“學生做有罪辯訟。”寇禮徵道。
他查看過卷宗,從卷宗看這個案子似乎是可以做無罪辯訟的。
但是他又研究了杜九言辯訟的習慣。
此人只要開口,從來沒有無的放矢過,她幾乎每一個訟案,都是成竹在胸,有滿分的把握。
所有,他做了兩手準備,杜九言先說,如果她的論點和證據都合理並且成立,那麼他就爲常柳做有罪辯訟,如果不成立,那麼就做無罪。
誰告誰舉證,杜九言舉證他只要站穩腳反駁他就可以了。
“好,你說吧。”齊代青道。
常柳指着寇禮徵,“你收了我銀子,你就要聽我的?你是不是杜九言的同夥!”
寇禮徵低聲道:“常柳,你閉嘴!”
“否則我也幫不了你。”
常柳皺着眉頭,很不悅地看着寇禮徵。
寇禮徵只覺得頭疼,正要開口,忽然杜九言擡手,問道:“問寇先生一句題外話,他的訟費可給你了?”
“給了。

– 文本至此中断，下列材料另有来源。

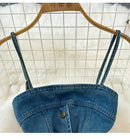 Faionable Denim ter Ne Crop Top And High Waist  Skirt Women's Set Summer Polyester Material Youthful Sle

”寇禮徵不明白杜九言爲何現在提訟費的事。
杜九言揚眉。
寇禮徵心頭跳了一下,腦子裡一瞬間閃過了某個念頭,這個念頭讓他覺得他懂了杜九言的話,但一瞬間湮滅後,他又毫無收穫。
“您說吧。”杜九言含笑道。
寇禮徵點頭,清了清喉嚨,道:“其實,按照杜先生方纔的辯論,這個案件歸納出來,其實很簡單。就是我的請訟人懷揣着莫名其妙的恨意後,殺了蘇八娘並打算毀掉整個戲班。”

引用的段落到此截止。